╭─ DATA EXTRACT
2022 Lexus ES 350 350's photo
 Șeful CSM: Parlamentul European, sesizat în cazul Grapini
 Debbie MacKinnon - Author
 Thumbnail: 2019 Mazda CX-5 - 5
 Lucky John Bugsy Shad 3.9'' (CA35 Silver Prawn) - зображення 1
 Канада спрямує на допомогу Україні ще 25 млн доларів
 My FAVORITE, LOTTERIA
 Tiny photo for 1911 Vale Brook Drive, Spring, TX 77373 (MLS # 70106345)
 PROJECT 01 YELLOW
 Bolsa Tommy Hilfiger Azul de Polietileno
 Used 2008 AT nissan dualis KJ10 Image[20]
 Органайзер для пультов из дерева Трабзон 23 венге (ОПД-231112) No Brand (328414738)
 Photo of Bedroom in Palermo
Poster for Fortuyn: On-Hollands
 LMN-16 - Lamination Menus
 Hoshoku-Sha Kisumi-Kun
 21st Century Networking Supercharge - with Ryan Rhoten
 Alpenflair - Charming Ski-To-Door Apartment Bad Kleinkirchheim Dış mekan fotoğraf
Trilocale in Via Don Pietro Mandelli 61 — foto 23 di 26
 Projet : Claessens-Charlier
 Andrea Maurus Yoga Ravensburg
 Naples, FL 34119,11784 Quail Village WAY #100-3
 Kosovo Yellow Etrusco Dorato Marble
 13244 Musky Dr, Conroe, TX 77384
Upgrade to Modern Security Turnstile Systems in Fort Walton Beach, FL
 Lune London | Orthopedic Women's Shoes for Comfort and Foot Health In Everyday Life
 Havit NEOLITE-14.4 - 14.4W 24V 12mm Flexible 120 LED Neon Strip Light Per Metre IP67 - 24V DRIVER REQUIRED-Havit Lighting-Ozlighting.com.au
╰─
*THE TASK*. The line containing "Органайзер для пультов" opens the range, and the last line of the entries closes it; copy that range exactly.

*SOLUTION TO THIS EXERCISE*.
 Органайзер для пультов из дерева Трабзон 23 венге (ОПД-231112) No Brand (328414738)
 Photo of Bedroom in Palermo
Poster for Fortuyn: On-Hollands
 LMN-16 - Lamination Menus
 Hoshoku-Sha Kisumi-Kun
 21st Century Networking Supercharge - with Ryan Rhoten
 Alpenflair - Charming Ski-To-Door Apartment Bad Kleinkirchheim Dış mekan fotoğraf
Trilocale in Via Don Pietro Mandelli 61 — foto 23 di 26
 Projet : Claessens-Charlier
 Andrea Maurus Yoga Ravensburg
 Naples, FL 34119,11784 Quail Village WAY #100-3
 Kosovo Yellow Etrusco Dorato Marble
 13244 Musky Dr, Conroe, TX 77384
Upgrade to Modern Security Turnstile Systems in Fort Walton Beach, FL
 Lune London | Orthopedic Women's Shoes for Comfort and Foot Health In Everyday Life
 Havit NEOLITE-14.4 - 14.4W 24V 12mm Flexible 120 LED Neon Strip Light Per Metre IP67 - 24V DRIVER REQUIRED-Havit Lighting-Ozlighting.com.au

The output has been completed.